## PROBLEM TO SOLVE
In the entries below, count the lines that include the word "Second" and reply with the number alone.

## EXTRACTED DATA

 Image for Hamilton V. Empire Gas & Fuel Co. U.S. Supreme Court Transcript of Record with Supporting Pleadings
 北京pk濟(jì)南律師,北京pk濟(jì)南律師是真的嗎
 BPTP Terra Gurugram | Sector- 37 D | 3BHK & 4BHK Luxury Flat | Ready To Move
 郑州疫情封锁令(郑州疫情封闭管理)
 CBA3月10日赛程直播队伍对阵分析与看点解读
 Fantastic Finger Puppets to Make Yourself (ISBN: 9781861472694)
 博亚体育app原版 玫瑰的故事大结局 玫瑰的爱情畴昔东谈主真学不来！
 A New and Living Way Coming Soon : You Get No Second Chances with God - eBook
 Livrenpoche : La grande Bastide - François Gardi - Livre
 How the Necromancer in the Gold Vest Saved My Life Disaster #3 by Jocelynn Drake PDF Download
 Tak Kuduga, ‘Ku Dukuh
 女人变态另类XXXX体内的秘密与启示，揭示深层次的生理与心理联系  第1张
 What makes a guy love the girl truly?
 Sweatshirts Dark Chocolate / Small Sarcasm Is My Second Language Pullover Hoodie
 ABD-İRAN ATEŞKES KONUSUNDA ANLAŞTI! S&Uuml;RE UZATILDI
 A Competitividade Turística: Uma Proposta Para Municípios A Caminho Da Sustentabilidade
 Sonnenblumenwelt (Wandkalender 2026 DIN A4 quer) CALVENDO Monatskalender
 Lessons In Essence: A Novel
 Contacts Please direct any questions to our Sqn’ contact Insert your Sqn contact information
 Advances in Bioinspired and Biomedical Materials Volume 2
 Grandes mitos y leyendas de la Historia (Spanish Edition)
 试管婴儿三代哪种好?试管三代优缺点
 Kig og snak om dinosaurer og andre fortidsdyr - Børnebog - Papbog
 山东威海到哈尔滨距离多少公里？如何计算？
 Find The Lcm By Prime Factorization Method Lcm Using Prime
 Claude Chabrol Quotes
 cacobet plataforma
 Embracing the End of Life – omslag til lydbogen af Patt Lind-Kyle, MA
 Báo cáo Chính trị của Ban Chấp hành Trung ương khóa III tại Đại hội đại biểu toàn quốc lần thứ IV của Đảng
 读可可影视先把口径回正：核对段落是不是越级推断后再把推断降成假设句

## SOLVED EXERCISE
2